A finales de noviembre y principios de diciembre, la polémica y una vaga esperanza se apoderaron de los medios de comunicación antes de Un posible acuerdo de paz en Ucrania. cuya viabilidad resultó, de repente, inexplicable. No hubo alineación entre Moscú, Kiev, Washington y Bruselas, las partes clave en el conflicto.
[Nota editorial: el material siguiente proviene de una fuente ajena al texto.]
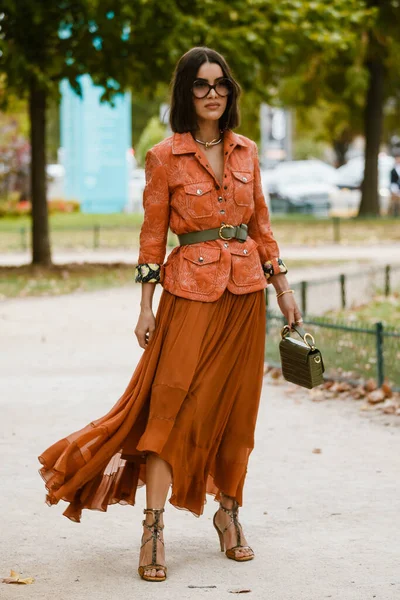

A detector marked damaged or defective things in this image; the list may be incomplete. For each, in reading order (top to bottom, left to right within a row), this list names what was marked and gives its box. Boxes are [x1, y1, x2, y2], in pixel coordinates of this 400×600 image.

El borrador original del plan Trump, con 28 puntos, se filtró casi de inmediato. La identidad del responsable y sus motivos siguen siendo un enigma: Rusia podría haberlo hecho para que Kiev y Europa la rechazaran de plano, posicionándose como «el único interesado en la paz», distanciando a la UE de EE.UU., ganando tiempo y avanzando en el frente. Pero también dentro de Washington -para comprometer al círculo trumpista en favor de un pacto rápido y prorruso, forzando revisiones que lo diluirían- o la propia Ucrania podría haberlo promovido, dada su crisis interna: una Zelensky, acorralado por escándalos de corrupción y desgaste militar, vería la filtración como una excusa para forzar una respuesta europea. predecibles y negociar mejoras sin que parezca capitular. En cualquier caso, las filtraciones sirven para probar reacciones y ajustar posiciones sin ceder terreno inicial.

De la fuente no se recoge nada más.